The Grocery Manufacturers Assn., a trade group, noted the industry’s progress.
“Food and beverage manufacturers are committed to providing consumers with the product choices they need to achieve reduced sodium intake levels,” the association said in a statement. “Our industry has developed thousands of products with reduced, low or no sodium and has also silently and incrementally reformulated many products to reduce the amount of sodium within consumer taste preferences.
“Reducing sodium in products without negatively affecting consumer acceptance must be taken into consideration, because a ‘healthy food’ will not promote health if it is not purchased or eaten,” the association added.
The salt researchers, from Queen Mary University of London, looked at data from several sources, including the Health Survey for England from 2003 to 2011 that tallies information on diet and health from 31,500 people. Average salt intake was measured through urine samples from nearly 3,000 people who took part in the National Diet and Nutrition Survey.
Of course, some people take medication to treat high blood pressure. “An analysis of the data from the Health Survey for England showed that antihypertensive medications accounted for less than 25% of the systolic blood pressure decline,” the researchers wrote.
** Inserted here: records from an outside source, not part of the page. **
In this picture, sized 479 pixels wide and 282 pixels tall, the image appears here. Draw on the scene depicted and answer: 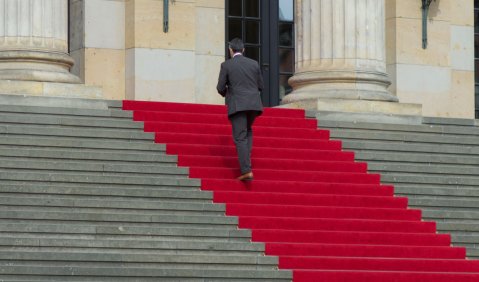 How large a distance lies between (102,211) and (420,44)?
33.5 feet

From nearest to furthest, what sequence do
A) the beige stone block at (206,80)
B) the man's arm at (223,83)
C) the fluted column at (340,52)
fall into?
the man's arm at (223,83), the fluted column at (340,52), the beige stone block at (206,80)

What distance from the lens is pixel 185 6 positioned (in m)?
25.9

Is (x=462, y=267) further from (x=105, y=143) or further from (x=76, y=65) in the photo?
(x=76, y=65)

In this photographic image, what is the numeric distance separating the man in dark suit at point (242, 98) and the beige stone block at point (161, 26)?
461cm

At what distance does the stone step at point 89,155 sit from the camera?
19.8 metres

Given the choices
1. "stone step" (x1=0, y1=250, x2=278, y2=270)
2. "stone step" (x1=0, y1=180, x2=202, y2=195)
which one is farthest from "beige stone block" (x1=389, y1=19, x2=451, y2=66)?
"stone step" (x1=0, y1=250, x2=278, y2=270)

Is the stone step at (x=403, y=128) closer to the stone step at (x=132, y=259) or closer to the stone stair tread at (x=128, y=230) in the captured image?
the stone stair tread at (x=128, y=230)

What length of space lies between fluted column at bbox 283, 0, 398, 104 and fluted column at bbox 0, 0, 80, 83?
4.10 m

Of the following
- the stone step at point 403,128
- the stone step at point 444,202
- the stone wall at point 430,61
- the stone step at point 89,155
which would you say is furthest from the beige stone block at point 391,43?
the stone step at point 89,155

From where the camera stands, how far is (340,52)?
2441cm

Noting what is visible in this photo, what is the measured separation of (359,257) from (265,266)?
132 centimetres

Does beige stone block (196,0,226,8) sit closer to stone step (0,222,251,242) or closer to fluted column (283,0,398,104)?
fluted column (283,0,398,104)

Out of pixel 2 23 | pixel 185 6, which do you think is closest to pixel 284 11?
pixel 185 6

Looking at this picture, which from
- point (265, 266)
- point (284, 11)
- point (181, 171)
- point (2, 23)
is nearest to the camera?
point (265, 266) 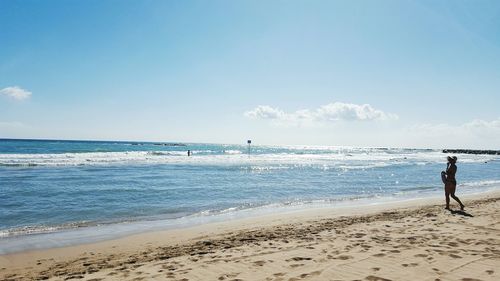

Researchers said the use of several sets of data meant that changes were not tracked for individuals.
Salt intake needs to drop further in the U.K., the researchers said. Salt consumption increases blood pressure – a risk factor for stroke and heart disease.
“The U.K. is way ahead of the United States in reducing sodium intake and improving the public’s health,” said Michael Jacobson, executive director at the Center for Science in the Public Interest, a nutrition advocacy group in Washington. He noted that the U.K. campaign included ads reminding people to read labels and “that really made salt an issue.”
He noted that some companies are reducing salt in products on their own, including Walmart, which he said reached a 9% reduction over the last several years. Of 480 products CSPI tracked in 2005 and then in 2011, 205 of them had reduced the sodium, 117 did not change it, and 158 increased it, according to a report from the organization.